(Supplied material)
▽

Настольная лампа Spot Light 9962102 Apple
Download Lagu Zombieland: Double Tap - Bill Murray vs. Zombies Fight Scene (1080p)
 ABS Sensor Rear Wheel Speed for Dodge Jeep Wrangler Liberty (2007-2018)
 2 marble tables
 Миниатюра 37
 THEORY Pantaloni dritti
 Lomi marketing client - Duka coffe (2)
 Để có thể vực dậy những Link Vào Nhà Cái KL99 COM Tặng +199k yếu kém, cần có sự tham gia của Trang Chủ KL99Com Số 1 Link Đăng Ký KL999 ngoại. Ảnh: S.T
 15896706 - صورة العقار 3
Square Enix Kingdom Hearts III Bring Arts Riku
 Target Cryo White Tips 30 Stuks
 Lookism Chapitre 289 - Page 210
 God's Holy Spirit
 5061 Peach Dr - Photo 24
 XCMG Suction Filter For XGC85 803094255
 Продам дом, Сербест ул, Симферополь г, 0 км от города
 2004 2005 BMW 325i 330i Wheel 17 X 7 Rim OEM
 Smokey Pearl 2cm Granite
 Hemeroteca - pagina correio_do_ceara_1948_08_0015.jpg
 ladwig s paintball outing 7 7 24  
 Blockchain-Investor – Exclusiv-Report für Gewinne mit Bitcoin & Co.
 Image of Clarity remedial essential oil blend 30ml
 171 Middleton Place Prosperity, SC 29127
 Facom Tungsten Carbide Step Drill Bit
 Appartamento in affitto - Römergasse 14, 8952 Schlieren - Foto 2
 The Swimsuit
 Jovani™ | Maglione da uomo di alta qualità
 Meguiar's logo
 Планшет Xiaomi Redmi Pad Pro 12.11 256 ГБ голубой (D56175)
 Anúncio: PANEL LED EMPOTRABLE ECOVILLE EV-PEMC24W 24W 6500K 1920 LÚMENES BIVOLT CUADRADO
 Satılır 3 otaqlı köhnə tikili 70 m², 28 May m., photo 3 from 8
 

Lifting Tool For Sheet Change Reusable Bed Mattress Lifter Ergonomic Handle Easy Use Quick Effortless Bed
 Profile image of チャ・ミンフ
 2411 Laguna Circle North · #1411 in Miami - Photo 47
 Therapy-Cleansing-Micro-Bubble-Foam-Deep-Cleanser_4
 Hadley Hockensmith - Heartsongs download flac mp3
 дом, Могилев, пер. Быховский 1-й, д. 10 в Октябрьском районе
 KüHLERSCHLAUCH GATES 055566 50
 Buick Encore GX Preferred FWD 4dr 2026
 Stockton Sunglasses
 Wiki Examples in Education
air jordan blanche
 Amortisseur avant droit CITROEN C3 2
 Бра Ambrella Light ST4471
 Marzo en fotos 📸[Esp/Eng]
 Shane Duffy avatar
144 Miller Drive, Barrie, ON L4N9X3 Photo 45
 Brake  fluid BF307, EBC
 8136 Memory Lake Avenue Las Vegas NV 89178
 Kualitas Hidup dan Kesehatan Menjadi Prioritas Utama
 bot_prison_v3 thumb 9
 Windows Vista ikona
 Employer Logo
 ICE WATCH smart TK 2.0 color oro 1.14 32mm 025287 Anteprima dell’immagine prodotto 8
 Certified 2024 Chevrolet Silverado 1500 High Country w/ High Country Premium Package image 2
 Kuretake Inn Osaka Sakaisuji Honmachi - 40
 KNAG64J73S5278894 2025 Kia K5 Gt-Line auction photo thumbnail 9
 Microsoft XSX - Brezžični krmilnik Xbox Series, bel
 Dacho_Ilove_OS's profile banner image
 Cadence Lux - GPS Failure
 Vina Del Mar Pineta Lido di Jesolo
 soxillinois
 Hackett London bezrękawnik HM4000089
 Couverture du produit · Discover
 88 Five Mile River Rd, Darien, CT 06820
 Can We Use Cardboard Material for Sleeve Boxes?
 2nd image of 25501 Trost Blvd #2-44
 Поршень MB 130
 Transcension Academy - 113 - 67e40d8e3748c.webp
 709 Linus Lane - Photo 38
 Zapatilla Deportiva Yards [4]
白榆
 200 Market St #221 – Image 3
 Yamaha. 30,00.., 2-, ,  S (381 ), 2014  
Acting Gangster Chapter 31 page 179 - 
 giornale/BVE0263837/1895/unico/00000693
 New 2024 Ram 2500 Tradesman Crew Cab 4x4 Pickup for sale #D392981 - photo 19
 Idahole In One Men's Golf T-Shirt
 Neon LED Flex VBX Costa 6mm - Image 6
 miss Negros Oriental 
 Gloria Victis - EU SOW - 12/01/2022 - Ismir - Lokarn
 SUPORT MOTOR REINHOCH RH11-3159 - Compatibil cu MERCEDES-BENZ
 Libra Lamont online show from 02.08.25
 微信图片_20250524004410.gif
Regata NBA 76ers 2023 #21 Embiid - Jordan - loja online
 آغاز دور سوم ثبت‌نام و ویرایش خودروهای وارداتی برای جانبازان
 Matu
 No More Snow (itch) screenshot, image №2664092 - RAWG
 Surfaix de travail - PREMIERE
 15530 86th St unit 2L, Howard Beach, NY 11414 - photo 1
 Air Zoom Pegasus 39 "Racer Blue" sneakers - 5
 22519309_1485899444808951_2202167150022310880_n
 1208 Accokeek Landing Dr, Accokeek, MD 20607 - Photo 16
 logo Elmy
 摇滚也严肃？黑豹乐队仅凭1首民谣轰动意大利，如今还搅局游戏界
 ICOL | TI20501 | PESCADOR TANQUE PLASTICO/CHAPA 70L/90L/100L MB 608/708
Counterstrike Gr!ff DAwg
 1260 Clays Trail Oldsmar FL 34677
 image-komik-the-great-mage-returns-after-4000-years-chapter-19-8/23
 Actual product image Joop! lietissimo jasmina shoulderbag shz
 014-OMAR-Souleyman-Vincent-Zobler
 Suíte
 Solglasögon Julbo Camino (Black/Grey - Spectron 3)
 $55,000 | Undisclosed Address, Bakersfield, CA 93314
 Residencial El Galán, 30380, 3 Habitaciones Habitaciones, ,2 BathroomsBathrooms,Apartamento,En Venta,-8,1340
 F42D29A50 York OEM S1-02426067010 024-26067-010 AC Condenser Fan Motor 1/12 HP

△

(Task brief)
Give back exactly the lines above starting at the line where "Smokey Pearl 2cm Granite" appears and ending at the line where "Profile image of チャ・ミンフ" appears, both included, with no other lines.

(Finished exercise)
 Smokey Pearl 2cm Granite
 Hemeroteca - pagina correio_do_ceara_1948_08_0015.jpg
 ladwig s paintball outing 7 7 24  
 Blockchain-Investor – Exclusiv-Report für Gewinne mit Bitcoin & Co.
 Image of Clarity remedial essential oil blend 30ml
 171 Middleton Place Prosperity, SC 29127
 Facom Tungsten Carbide Step Drill Bit
 Appartamento in affitto - Römergasse 14, 8952 Schlieren - Foto 2
 The Swimsuit
 Jovani™ | Maglione da uomo di alta qualità
 Meguiar's logo
 Планшет Xiaomi Redmi Pad Pro 12.11 256 ГБ голубой (D56175)
 Anúncio: PANEL LED EMPOTRABLE ECOVILLE EV-PEMC24W 24W 6500K 1920 LÚMENES BIVOLT CUADRADO
 Satılır 3 otaqlı köhnə tikili 70 m², 28 May m., photo 3 from 8
 

Lifting Tool For Sheet Change Reusable Bed Mattress Lifter Ergonomic Handle Easy Use Quick Effortless Bed
 Profile image of チャ・ミンフ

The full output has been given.